That Seniors And Me

el tsuki
Chapter #3

Menghalau Kesal

Seharusnya dia tak muncul lagi disini, namun entah masih ada yang harus dikerjakan atau entah karena hal lainnya kali itu dia kembali muncul. Kemunculannya setelah beberapa lama menghilang dari area sini dan absen tak lagi menggangguku, ternyata tak membuatnya lupa bagaimana cara memancing emosiku. Seperti biasa, kali itu dia membuatku kesal...

"Kuliah woi! Main laptop mulu." Suara itu mengangetkanku yang tengah berkonsentrasi pada layar laptop dihadapanku.

Aku menoleh pada sosok yang kini telah duduk pada bangku panjang di sebelah kananku. Dia Mr. F, seorang senior lainnya yang tergolong cukup dekat denganku. Yaaah, meskipun biasanya berujung pertengkaran kecil, yang umumnya selalu aku yang kalah, huh. Entah ada urusan apa dia kali ini muncul disekitarku, membuatku yang tengah berbahagia mendownload berbagai film incaranku berubah menjadi keki.

"Yeee, udah selesai juga," jawabku kesal, heran dengan kedatangannya.

Sementara dia dengan santainya mengeluarkan laptop dari ransel yang kemudian dia letakkan di sisi kanannya yang kosong. "Bagus nih jaringannya?" dia berkata sembari mengaktifkan laptop tersebut, tak mengacuhkan keherananku.

"Lumayan," sambungku datar. Kemudian kembali terpaku pada layar laptopku, sibuk membuka beberapa situs.

Dia menoleh dan berujar dengan santainya, "Bagi NIM dong."

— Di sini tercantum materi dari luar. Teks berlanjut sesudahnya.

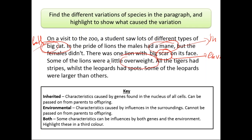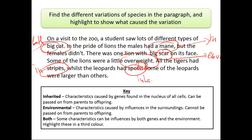Some of the lions were overweight — environmental factors mainly affect being overweight here, but inherited variation also affects being overweight, as I mentioned before. All the tigers had stripes — stripes are the tiger's skin pattern, and this is inherited, coming from the parents. There were some leopard spots — this is also inherited. Some of the leopards were larger than others — for size, both environmental factors and inherited factors will affect this: having enough food, and also if their parents are larger, the offspring will be larger. So that answer is both.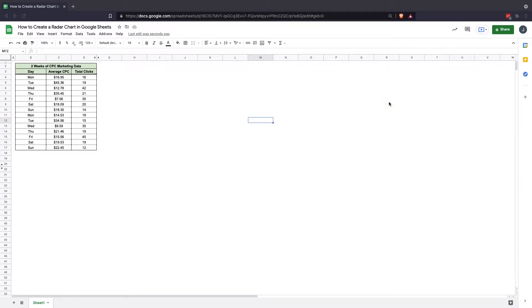Hi and welcome to the Google Sheets tutorial on how to create a radar chart. Today we're going to cover the usage and creation and also the editing and customization of a radar chart in Google Sheets.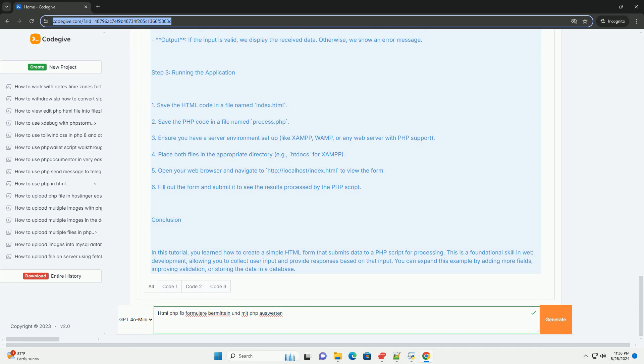By integrating HTML forms with PHP, developers can create interactive and dynamic web applications that respond to user input, enhancing the overall user experience and functionality of the site. This combination is foundational in building modern web applications.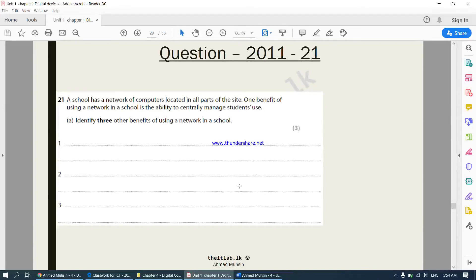Moving on to our fifth video. This is a question from the 2011 past paper. It says the school has a network of computers located in all parts of the site. One benefit of using a network in a school is the ability to centrally manage students' user accounts. Identify three other benefits of using a network in a school.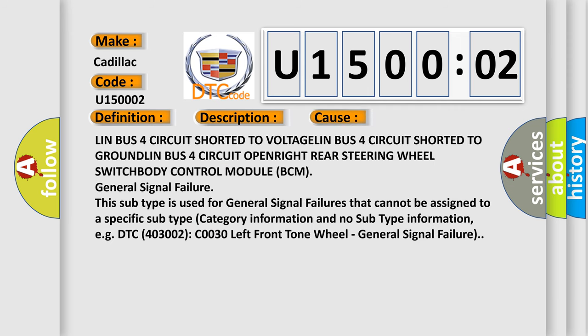This diagnostic error occurs most often in these cases: LIN bus 4 circuit shorted to voltage, LIN bus 4 circuit shorted to ground, LIN bus 4 circuit open, right rear steering wheel switch body control module BCM general signal failure.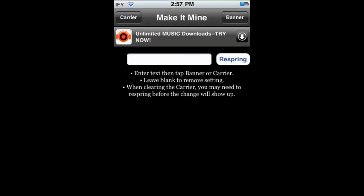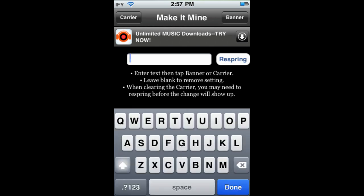We're going to open that up now. This application does have an advertisement, which makes it load up a little bit slower, but it doesn't really bother me much. Here in this bar, you type in your text — I'm going to put 'sub'. Then you tap Banner if you want it to replace your clock, and you tap Carrier to replace the carrier name at the top left.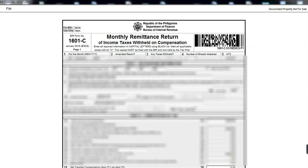So, sana nakatulong ito sa inyo. And if you have questions, can comment down below kung kaya ko siyang sagotin. And please, this is just a guide lang. So, if you have questions na hindi ko kayang sagotin, you can go direct na with your accountant. So, thank you for watching.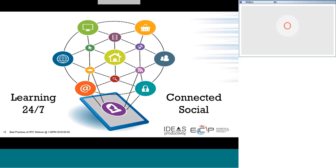Our learning is actually 24/7, connected, and social. We spend over the course of our lifetime more than 95% of our time out of the classroom, and if we're not taking advantage of all those informal learning opportunities, we're not really maximizing our opportunities to learn.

Aku turut menoleh, "Yeee pakai NIM sendiri. Aku juga lagi makai tau," sahutku kesal akan niatnya meminta NIM, alias nomor mahasiswaku. Padahal, aku juga baru menggunakannya untuk mengakses internet di laptopku.

Alhasil tanggapanku dia tangkis dengan santainya, "Udah pasang di telepon, di laptop belum. Bagi dong, mau kirim berkas nih."

"Iiih… lagi dipakai! Pinjam punya orang lain kek!" sahutku ketus tak mau kalah.

"Kalo ngak nebeng pakai laptop kamu!" balasnya, semakin membuatku kesal.

"Males ah, lagi seru nih!" tanggapku kesal.

Dia mencondongkan kepala, menengok tampilan laptopku yang sebagian besar dipenuhi situs download-an berbagai film dan drama korea, kemudian dia berujar dengan menyebalkan, "Download terus! Korea terus! Pelit, pelit!" 

Bagai terkena mantra, tepat seusai dia mengomel salah satu situs tak berhasil ku buka, terus menampillan logo sedang menghubungkan. "Iiih…, apa sih! Lelet nih!" aku mendesis kesal.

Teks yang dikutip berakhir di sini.